The Big Five (BFI-2) — complete reference
The gold-standard personality framework in modern research. Five continuous dimensions instead of arbitrary types.
Take the free Big-5 test →Origins
Emerged from decades of factor-analytic personality research (Costa & McCrae 1985; Goldberg 1990; John, Naumann & Soto 2008). The current BFI-2 is the standard.
The five dimensions
- Openness — intellectual curiosity, appreciation of art, novelty-seeking
- Conscientiousness — organisation, discipline, follow-through
- Extraversion — sociability, assertiveness, positive emotion
- Agreeableness — cooperation, warmth, trust
- Neuroticism — emotional sensitivity to stress
Validity
Cronbach's α = 0.84–0.88 across all five scales — one of the strongest psychometric reliability profiles of any personality instrument. Conscientiousness predicts job performance at r ≈ 0.22; Neuroticism inversely predicts wellbeing.
Big-5 vs MBTI
Big-5 is a continuous 5-dimension model; MBTI is a categorical 16-type model. Big-5 has stronger academic validity; MBTI is friendlier in typology framing. Take both — they measure different things.

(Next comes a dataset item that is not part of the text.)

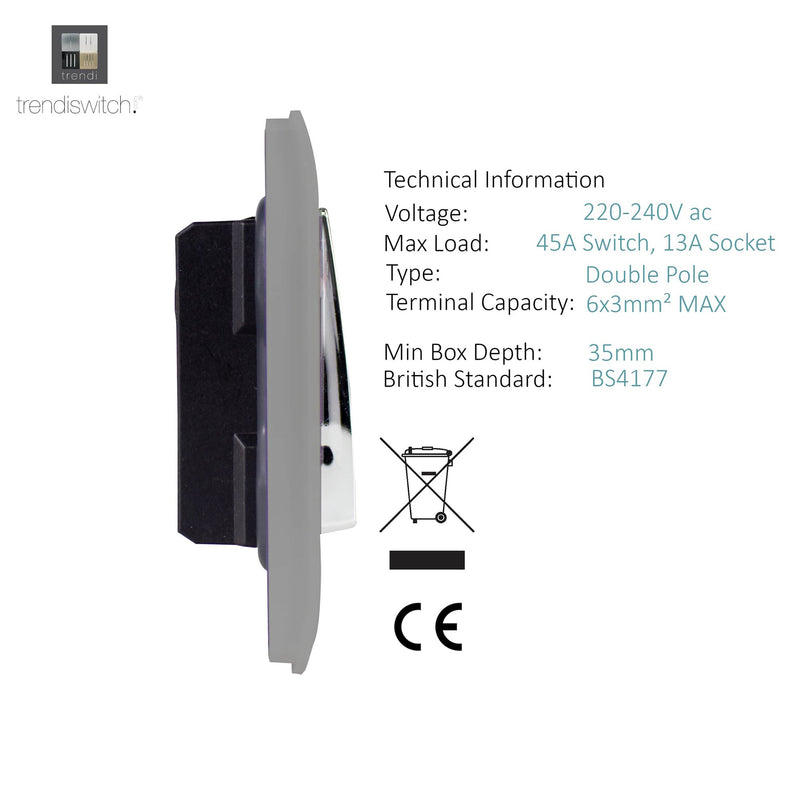 Trendi, Artistic Modern Cooker Control Panel 13amp with 45amp Switch Light Grey Finish, BRITISH MADE, (47mm Back Box Required), 5yrs Warranty • ART-WHS213LG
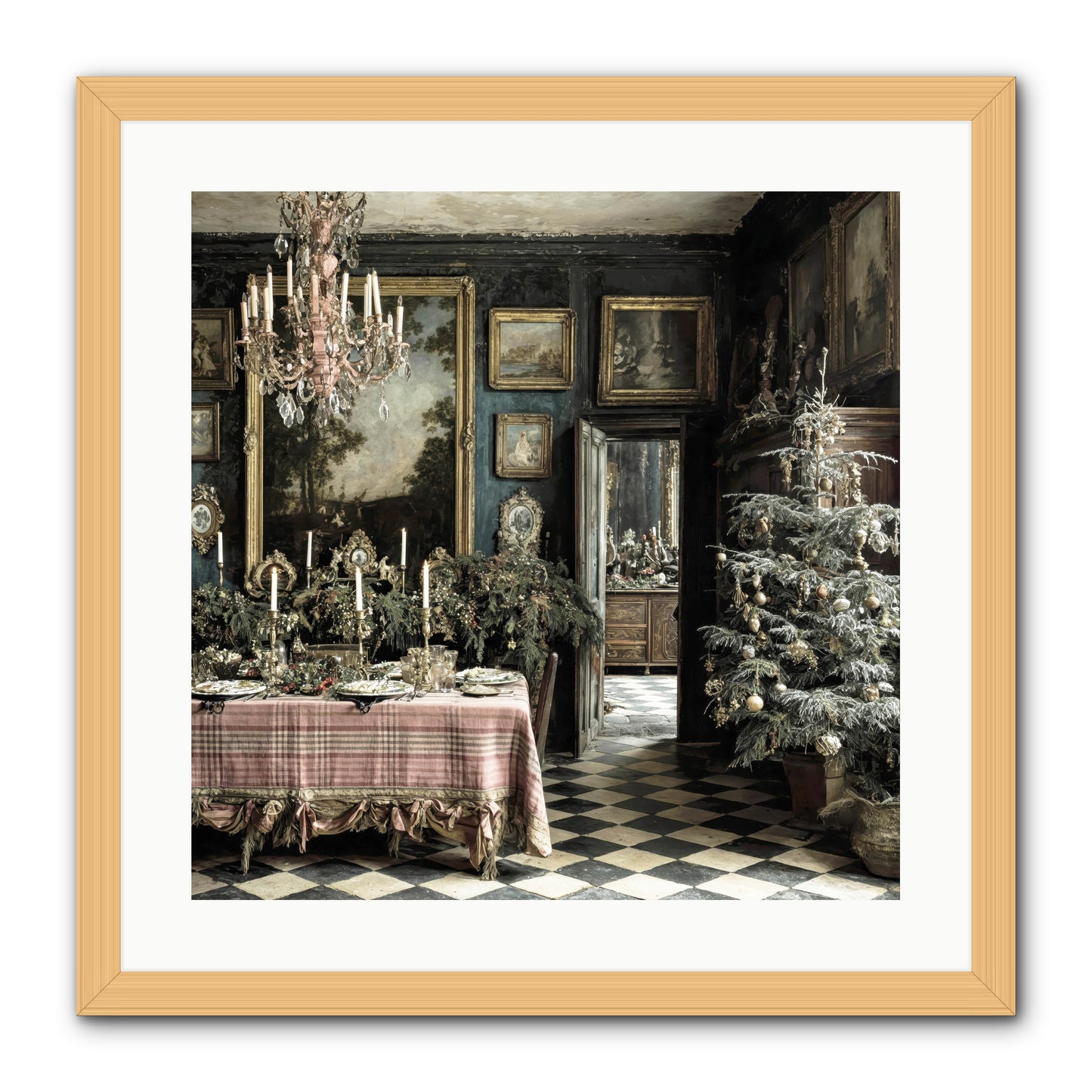 The Frost-Kissed Reverie -- Framed Print - Natural 20x20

Frequently asked questions
How many items in the BFI-2?
The full BFI-2 is 60 items. There's also a 30-item BFI-2-S (short form) and a 15-item BFI-2-XS (extra short).
Do Big-5 scores change over time?
Slowly. Longitudinal studies (Roberts et al. 2006) show Conscientiousness and Agreeableness tend to rise with age; Neuroticism tends to decrease. Test-retest correlations over years remain 0.60–0.80.